Promessa de campanha, a ideia ganhou um nome Desenrola. A ideia dos marqueteiros não podia ser melhor. Faltava o programa.
Em fevereiro, Haddad informou que ele seria anunciado logo. Há dias o ministro revelou que "estamos com um problema operacional, que é fazer o software para o credor encontrar o devedor". À parte o fato de que o credor quase sempre sabe onde está o devedor, essa explicação parece insuficiente. Certo mesmo é que o simples anúncio da ideia estimulou o calote de quem prefere esperar o alívio.
O professor Delfim Netto já resumiu a essência da arte de administrar:
"Você tem que abrir a quitanda de manhã, colocar as berinjelas no balcão e conferir o caixa para ver se há troco para as freguesas".
O governo promete uma nova âncora fiscal e uma reforma tributária. Na lógica de uma quitanda, quer reformular a lista de fornecedores e refazer o cálculo dos preços que cobra. Berinjelas, nem pensar.
Na segunda-feira, quando Lula pediu a Haddad que desenrole o Desenrola, a íntegra de sua fala foi logo distribuída. Como o pedido veio num momento de improviso, um problema operacional deixou de registrá-lo.
Encantado com sua própria voz, Lula repetiu que "o Brasil voltou". De fato, o país vive novos tempos, mas por serem novos não são necessariamente eficientes.
É nos improvisos de Lula que estão as surpresas. Ele citou o caso de uma empresa que está se instalando perto do aeroporto de Brasília, podendo vir a congestionar o trânsito de caminhões. Dirigindo-se ao ministro Márcio França, de Portos e Aeroportos, pediu: "É importante que essa empresa habilmente seja convidada a procurar outro trajeto". Como? França manda nos aeroportos, quem manda na empresa é o empresário, e na malha de Brasília manda o governador do Distrito Federal.
Lula fica à vontade quando volta a reclamar da taxa de juros. Essa é sua zona de conforto desde os primeiros dias. Afinal, a Selic é fixada pelo Banco Central e ele é autônomo. Em 2003, durante os seis primeiros meses de seu primeiro governo, o Banco Central não tinha autonomia legal e a Selic ficou acima dos 25%. Naquele ano, a taxa média do juro real foi de 13%. Bem acima dos 8% de hoje. Só quem reclamava era o vice-presidente José Alencar.
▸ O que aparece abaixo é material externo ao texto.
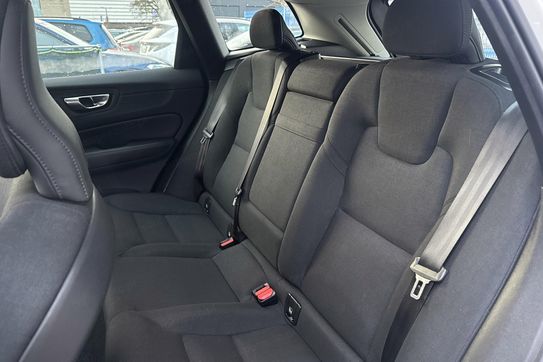 Volvo XC60 B4 B Momentum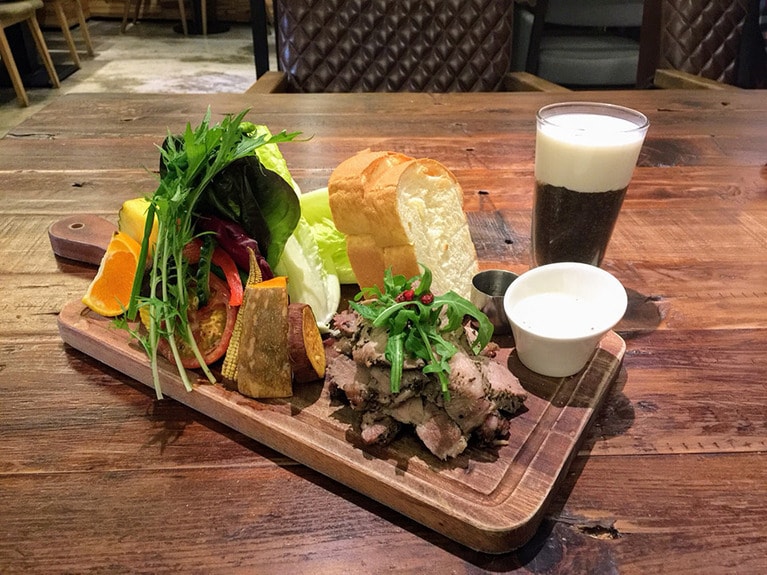 男性にも大人気の「義式紅酒豬小排豬(380元)」。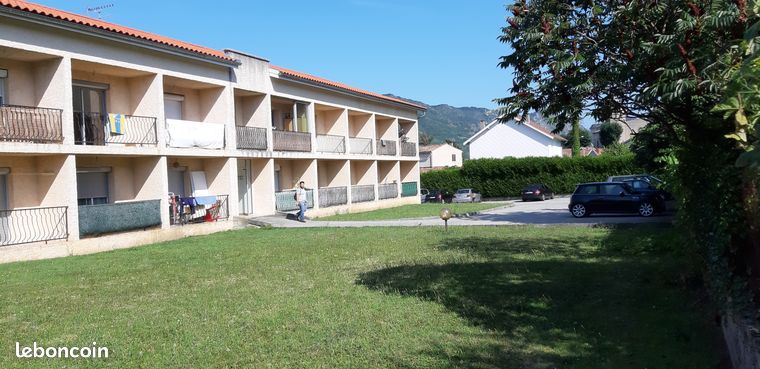 Studio Climatisé de 30 m² RDC avec balcon Sud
Seria um exagero dizer que o governo não tem rumo. Ele o tem e, pelas intenções, é bom. Seu problema está no excesso de confiança em suas promessas. Lula, em particular, investiu-se de uma autoridade imperial. Dirige-se aos ministros em reuniões públicas como um mestre-escola. Afinal, uma empresa instalando-se perto do aeroporto de Brasília não é assunto para uma reunião com 37 ministros. Essa postura serve para enrolar quem acredita na boa intenção do presidente e se convence de que os problemas estão no funcionamento da máquina.
O programa Desenrola é uma boa ideia. A enrolação veio do próprio governo, anunciando prazos irreais. Felizmente, até agora ninguém sugeriu que ele está travado por culpa do Banco Central.